Add barrier around dataset processor for race condition

szaman19 · szaman19 · commit b3b4e9b74169 · 2025-07-26T10:12:15.000-07:00
diff --git a/DGraph/CommunicatorBase.py b/DGraph/CommunicatorBase.py
@@ -26,3 +26,6 @@ def get_rank(self) -> int:
 
     def get_world_size(self) -> int:
         raise NotImplementedError
+
+    def barrier(self):
+        raise NotImplementedError
diff --git a/DGraph/data/ogbn_datasets.py b/DGraph/data/ogbn_datasets.py
@@ -174,9 +174,20 @@ def __init__(
         self._rank = self.comm_object.get_rank()
         self._world_size = self.comm_object.get_world_size()
 
-        self.dataset = NodePropPredDataset(
-            name=dname,
-        )
+        comm_object.barrier()
+        if comm_object.get_rank() == 0:
+            self.dataset = NodePropPredDataset(
+                name=dname,
+            )
+        # Block until the dataset is loaded on rank 0
+        comm_object.barrier()
+        # Load the dataset on all other ranks, but this should use the
+        # processed data on rank 0
+        if comm_object.get_rank() != 0:
+            self.dataset = NodePropPredDataset(
+                name=dname,
+            )
+
         graph_data, labels = self.dataset[0]
 
         self.split_idx = self.dataset.get_idx_split()

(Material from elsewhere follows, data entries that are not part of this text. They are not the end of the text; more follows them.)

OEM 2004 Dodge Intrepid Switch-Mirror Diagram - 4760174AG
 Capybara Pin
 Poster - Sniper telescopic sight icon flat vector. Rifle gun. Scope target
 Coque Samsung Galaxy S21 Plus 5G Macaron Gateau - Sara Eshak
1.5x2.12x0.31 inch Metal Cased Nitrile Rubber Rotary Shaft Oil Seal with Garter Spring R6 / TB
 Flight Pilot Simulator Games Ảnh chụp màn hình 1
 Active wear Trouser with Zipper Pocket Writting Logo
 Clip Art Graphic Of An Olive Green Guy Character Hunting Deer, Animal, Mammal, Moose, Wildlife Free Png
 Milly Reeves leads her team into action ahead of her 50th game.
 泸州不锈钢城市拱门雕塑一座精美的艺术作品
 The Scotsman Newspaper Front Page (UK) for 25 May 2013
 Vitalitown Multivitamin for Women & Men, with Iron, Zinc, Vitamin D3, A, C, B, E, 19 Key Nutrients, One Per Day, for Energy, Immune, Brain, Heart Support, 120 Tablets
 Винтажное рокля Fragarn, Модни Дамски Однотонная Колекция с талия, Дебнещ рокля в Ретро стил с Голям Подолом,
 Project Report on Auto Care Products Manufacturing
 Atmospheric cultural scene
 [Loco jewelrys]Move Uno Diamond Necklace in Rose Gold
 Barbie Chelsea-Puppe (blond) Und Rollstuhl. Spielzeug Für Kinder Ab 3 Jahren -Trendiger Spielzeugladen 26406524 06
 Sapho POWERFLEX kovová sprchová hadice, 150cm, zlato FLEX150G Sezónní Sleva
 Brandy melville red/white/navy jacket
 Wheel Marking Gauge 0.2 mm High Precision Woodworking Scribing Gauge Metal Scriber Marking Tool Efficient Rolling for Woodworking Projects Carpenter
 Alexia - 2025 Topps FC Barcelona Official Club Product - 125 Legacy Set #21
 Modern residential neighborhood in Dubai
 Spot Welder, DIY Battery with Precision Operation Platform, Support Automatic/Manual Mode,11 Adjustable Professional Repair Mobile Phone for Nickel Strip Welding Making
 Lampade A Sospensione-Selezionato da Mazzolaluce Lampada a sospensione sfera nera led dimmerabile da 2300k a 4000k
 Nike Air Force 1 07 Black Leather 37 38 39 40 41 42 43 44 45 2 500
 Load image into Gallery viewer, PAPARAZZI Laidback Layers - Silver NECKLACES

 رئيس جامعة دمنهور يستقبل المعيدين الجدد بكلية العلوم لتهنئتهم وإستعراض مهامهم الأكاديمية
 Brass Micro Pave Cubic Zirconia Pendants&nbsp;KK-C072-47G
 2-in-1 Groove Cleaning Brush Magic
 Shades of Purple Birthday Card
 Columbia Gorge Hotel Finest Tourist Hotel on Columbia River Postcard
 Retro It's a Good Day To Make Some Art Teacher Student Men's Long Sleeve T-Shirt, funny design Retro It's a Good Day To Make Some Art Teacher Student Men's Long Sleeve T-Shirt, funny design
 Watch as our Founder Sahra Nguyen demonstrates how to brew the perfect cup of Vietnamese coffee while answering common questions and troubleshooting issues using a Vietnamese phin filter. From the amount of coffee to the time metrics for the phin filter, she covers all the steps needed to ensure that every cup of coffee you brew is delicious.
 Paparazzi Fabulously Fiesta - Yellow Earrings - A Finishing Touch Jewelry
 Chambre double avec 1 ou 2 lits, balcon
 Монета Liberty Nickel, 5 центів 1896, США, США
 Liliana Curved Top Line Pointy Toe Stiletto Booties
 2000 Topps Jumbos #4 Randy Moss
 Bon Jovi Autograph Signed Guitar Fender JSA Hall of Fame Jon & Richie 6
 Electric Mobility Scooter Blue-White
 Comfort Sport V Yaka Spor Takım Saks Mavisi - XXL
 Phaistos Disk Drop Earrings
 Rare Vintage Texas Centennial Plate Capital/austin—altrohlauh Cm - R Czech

diff --git a/DGraph/distributed/nccl/NCCLBackendEngine.py b/DGraph/distributed/nccl/NCCLBackendEngine.py
@@ -512,6 +512,11 @@ def __init__(self, ranks_per_graph=-1, *args, **kwargs):
         if not NCCLBackendEngine._is_initialized:
             self.init_process_group(ranks_per_graph)
 
+    def barrier(self) -> None:
+        if not dist.is_initialized():
+            raise RuntimeError("NCCL backend engine is not initialized")
+        dist.barrier()
+
     def init_process_group(self, ranks_per_graph=-1, *args, **kwargs):
         if not dist.is_initialized():
             dist.init_process_group(backend="nccl", *args, **kwargs)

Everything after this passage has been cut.